Par ailleurs, le procès-verbal de réception des travaux est non signé par M. [V], et atteste d’une réalisation de l’installation le 10 mars 2020 sans la préciser donc sans déterminer qu’il s’agit de l’installation d’un poêle à bois à [Localité 3]. Le solde restant dû de 3.961 € après déduction d’un acompte de 2.000 € ne correspond donc à aucune commande initiale.
Il en est de même pour la facture du 15 février 2021 qui reprend les mêmes montants mais sans description de prestation ou de matériel, la colonne réservée à cet effet étant vierge. La date des travaux est mentionnée comme étant de la même date de la facture, le 15 février 2021, alors que le procès-verbal de réception précité est du 10 mars 2020.
Le cliché photographique produit ne permet pas d’identifier le lieu de celui-ci et ne laisse apparaître qu’une colonne blanche surmontée d’un tuyau. Sa production est donc inopérante.
Un devis produit comprend enfin le détail du matériel et de la prestation sur un lieu d’installation à [Localité 4] et fait état d’un montant de 3.154 € 'après un geste commercial en compensation du retard de chantier de [Localité 3] avec 1.100 € imputé sur ce devis et 1.100 € sur la facture du projet de [Localité 3]'. Ce devis indique un projet du 14 juin 2021 mais n’est pas accepté par quiconque.

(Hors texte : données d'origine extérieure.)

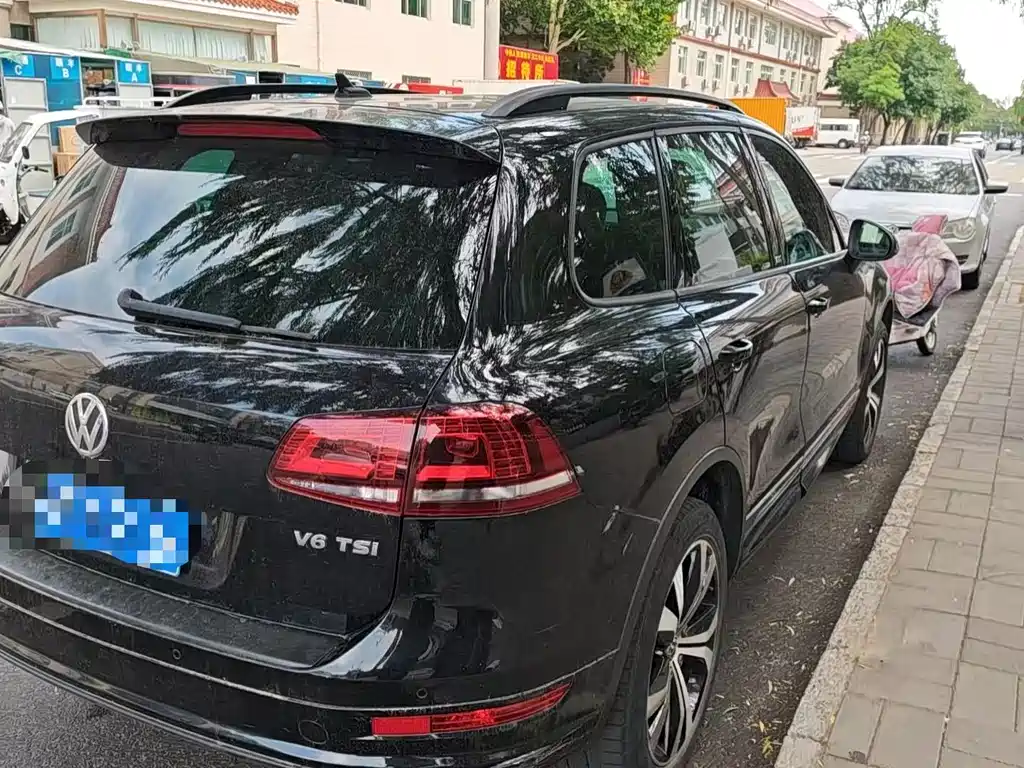 Volkswagen Touareg 2014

Ces éléments ne permettent donc pas de démontrer la réalité d’une obligation de M. [V] au paiement de la somme de 3.961 € TTC.
Le jugement sera donc confirmé en ce qu’il a débouté la SARL Forge Adour [Localité 3] de l’intégralité de ses demandes.
PAR CES MOTIFS :
La cour,
Statuant publiquement, par arrêt mis à disposition au greffe, rendu par défaut et en dernier ressort,
CONFIRME le jugement en toutes des dispositions,
Y ajoutant :
CONDAMNE la SARL Forge Adour [Localité 3] aux dépens d’appel.
Le présent arrêt a été signé par Madame FAURE, Présidente, et par Monsieur VIGNASSE, Greffier, auquel la minute de la décision a été remise par la magistrate signataire.